A server 106 may be referred to as a file server, application server, web server, proxy server, or gateway server. In one embodiment, the server 106 provides functionality of a web server. In some embodiments, the web server 106 comprises an open-source web server, such as the APACHE servers maintained by the Apache Software Foundation of Delaware. In other embodiments, the web server executes proprietary software, such as the Internet Information Services products provided by Microsoft Corporation of Redmond, Wash., the SUN JAVA web server products provided by Sun Microsystems, of Santa Clara, Calif., or the BEA WEBLOGIC products provided by BEA Systems, of Santa Clara, Calif.

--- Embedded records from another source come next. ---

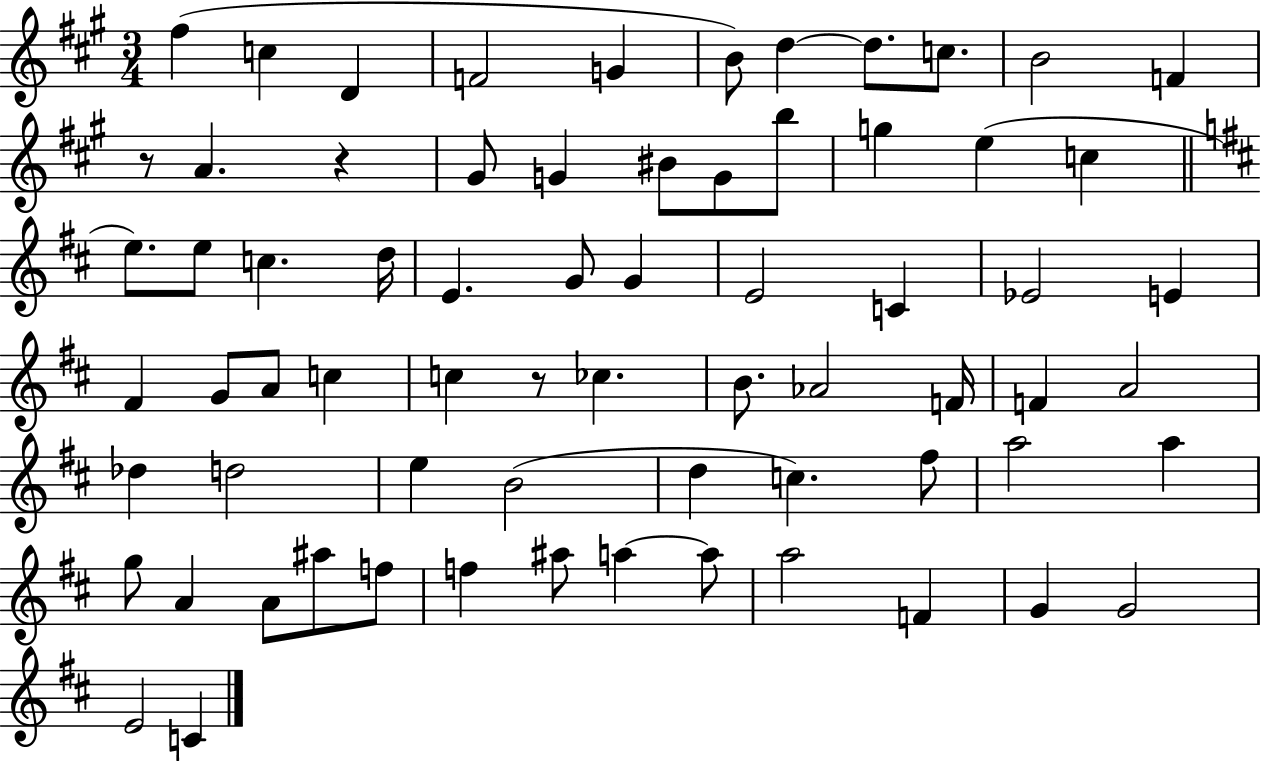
F#5/q C5/q D4/q F4/h G4/q B4/e D5/q D5/e. C5/e. B4/h F4/q R/e A4/q. R/q G#4/e G4/q BIS4/e G4/e B5/e G5/q E5/q C5/q E5/e. E5/e C5/q. D5/s E4/q. G4/e G4/q E4/h C4/q Eb4/h E4/q F#4/q G4/e A4/e C5/q C5/q R/e CES5/q. B4/e. Ab4/h F4/s F4/q A4/h Db5/q D5/h E5/q B4/h D5/q C5/q. F#5/e A5/h A5/q G5/e A4/q A4/e A#5/e F5/e F5/q A#5/e A5/q A5/e A5/h F4/q G4/q G4/h E4/h C4/q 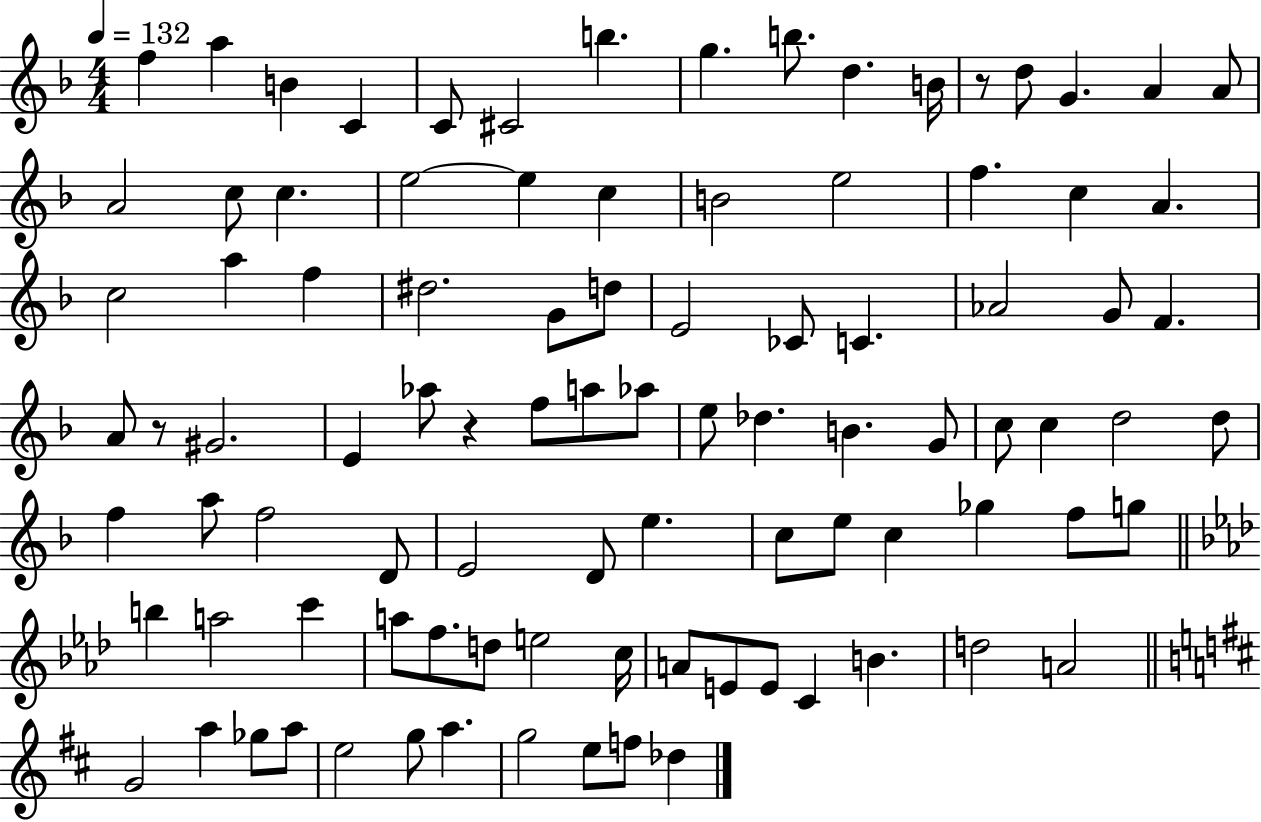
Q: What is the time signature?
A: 4/4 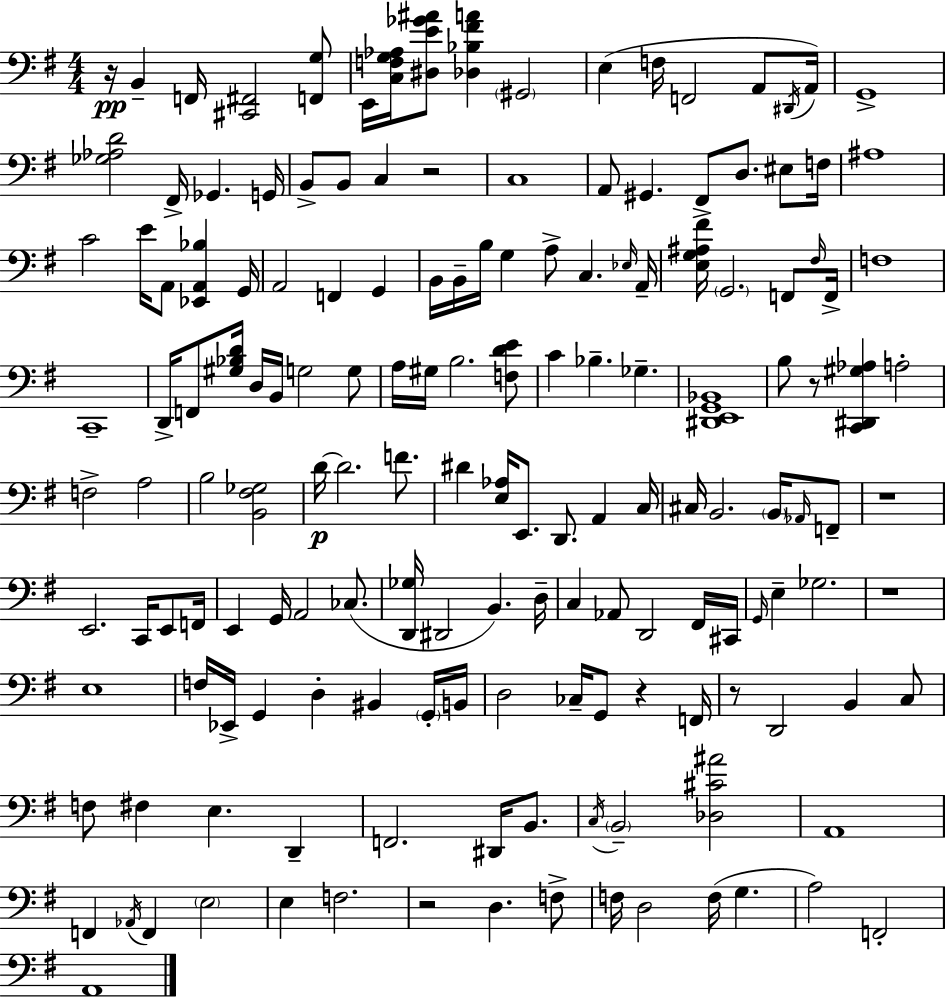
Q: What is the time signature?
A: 4/4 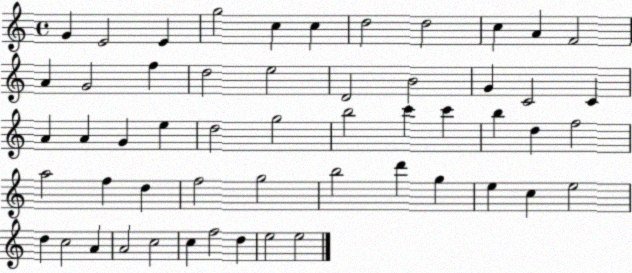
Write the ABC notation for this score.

X:1
T:Untitled
M:4/4
L:1/4
K:C
G E2 E g2 c c d2 d2 c A F2 A G2 f d2 e2 D2 B2 G C2 C A A G e d2 g2 b2 c' c' b d f2 a2 f d f2 g2 b2 d' g e c e2 d c2 A A2 c2 c f2 d e2 e2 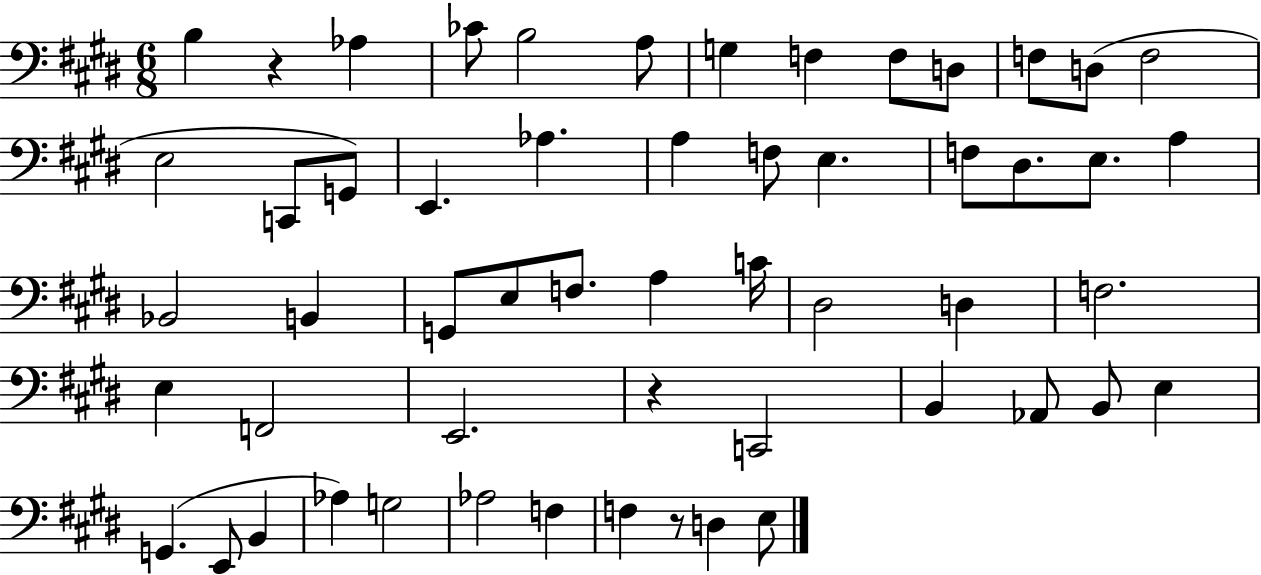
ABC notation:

X:1
T:Untitled
M:6/8
L:1/4
K:E
B, z _A, _C/2 B,2 A,/2 G, F, F,/2 D,/2 F,/2 D,/2 F,2 E,2 C,,/2 G,,/2 E,, _A, A, F,/2 E, F,/2 ^D,/2 E,/2 A, _B,,2 B,, G,,/2 E,/2 F,/2 A, C/4 ^D,2 D, F,2 E, F,,2 E,,2 z C,,2 B,, _A,,/2 B,,/2 E, G,, E,,/2 B,, _A, G,2 _A,2 F, F, z/2 D, E,/2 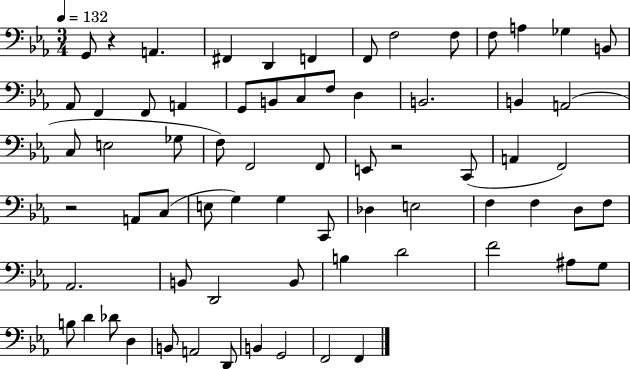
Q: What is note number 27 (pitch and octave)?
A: Gb3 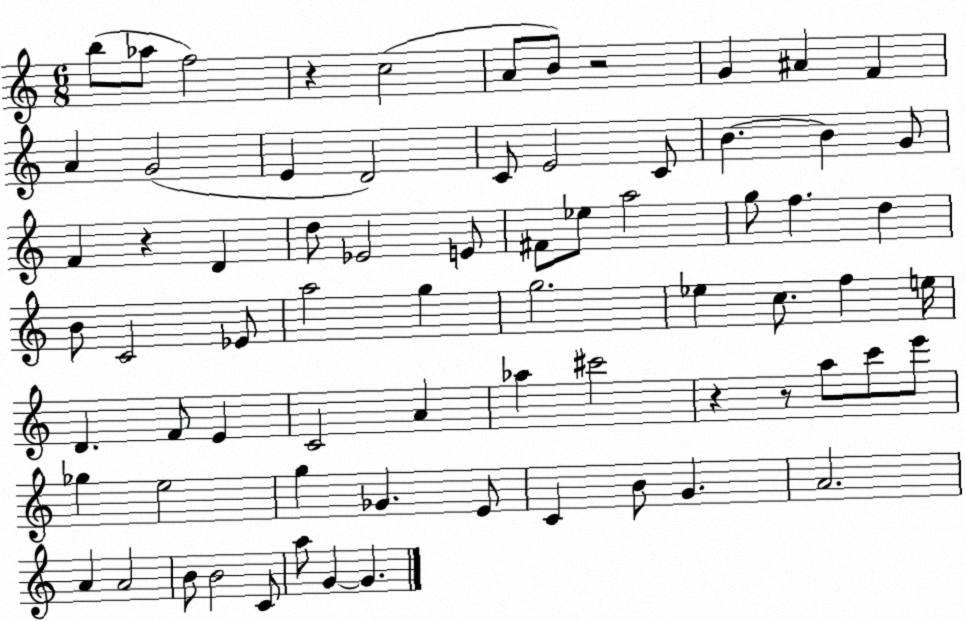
X:1
T:Untitled
M:6/8
L:1/4
K:C
b/2 _a/2 f2 z c2 A/2 B/2 z2 G ^A F A G2 E D2 C/2 E2 C/2 B B G/2 F z D d/2 _E2 E/2 ^F/2 _e/2 a2 g/2 f d B/2 C2 _E/2 a2 g g2 _e c/2 f e/4 D F/2 E C2 A _a ^c'2 z z/2 a/2 c'/2 e'/2 _g e2 g _G E/2 C B/2 G A2 A A2 B/2 B2 C/2 a/2 G G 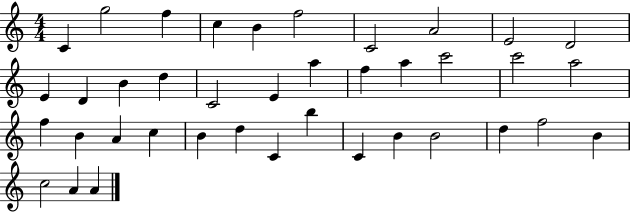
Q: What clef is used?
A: treble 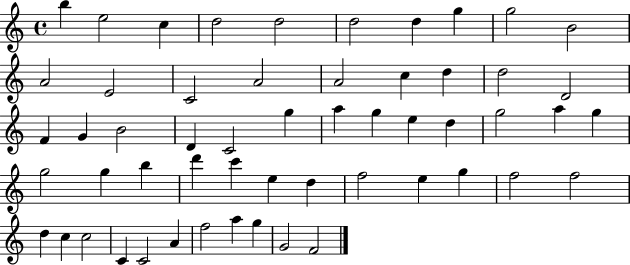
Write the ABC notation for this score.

X:1
T:Untitled
M:4/4
L:1/4
K:C
b e2 c d2 d2 d2 d g g2 B2 A2 E2 C2 A2 A2 c d d2 D2 F G B2 D C2 g a g e d g2 a g g2 g b d' c' e d f2 e g f2 f2 d c c2 C C2 A f2 a g G2 F2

The clients 102 may be referred to as client nodes, client machines, endpoint nodes, or endpoints. In some embodiments, a client 102 has the capacity to function as both a client node seeking access to resources provided by a server and as a server providing access to hosted resources for other clients 102 a-102 n. A client 102 may execute, operate or otherwise provide an application, which can be any type and/or form of software, program, or executable instructions such as any type and/or form of web browser, web-based client, client-server application, an ActiveX control, or a Java applet, or any other type and/or form of executable instructions capable of executing on client 102. The application can use any type of protocol and it can be, for example, an HTTP client, an FTP client, an Oscar client, or a Telnet client.

The client 102 and server 106 may be deployed as and/or executed on any type and form of computing device, such as a computer, network device or appliance capable of communicating on any type and form of network and performing the operations described herein. FIG. 1B depicts a block diagram of a computing device 100 useful for practicing an embodiment of the client 102 or a server 106. As shown in FIG. 1B, each computing device 100 includes a central processing unit 121, and a main memory unit 122. As shown in FIG. 1B, a computing device 100 may include a visual display device 124, a keyboard 126 and/or a pointing device 127, such as a mouse.

The central processing unit 121 is any logic circuitry that responds to and processes instructions fetched from the main memory unit 122. In many embodiments, the central processing unit is provided by a microprocessor unit, such as: those manufactured by Intel Corporation of Mountain View, Calif.; those manufactured by Motorola Corporation of Schaumburg, Ill.; those manufactured by Transmeta Corporation of Santa Clara, Calif.; the RS/6000 processor, those manufactured by International Business Machines of White Plains, N.Y.; or those manufactured by Advanced Micro Devices of Sunnyvale, Calif. The computing device 100 may be based on any of these processors, or any other processor capable of operating as described herein.

The computing device 100 may include a network interface 118 to interface to a Local Area Network (LAN), Wide Area Network (WAN) or the Internet through a variety of connections including, but not limited to, standard telephone lines, LAN or WAN links (e.g., 802.11, T1, T3, 56 kb, X.25), broadband connections (e.g., ISDN, Frame Relay, ATM), wireless connections, or some combination of any or all of the above. The network interface 118 may comprise a built-in network adapter, network interface card, PCMCIA network card, card bus network adapter, wireless network adapter, USB network adapter, modem or any other device suitable for interfacing the computing device 100 to any type of network capable of communication and performing the operations described herein.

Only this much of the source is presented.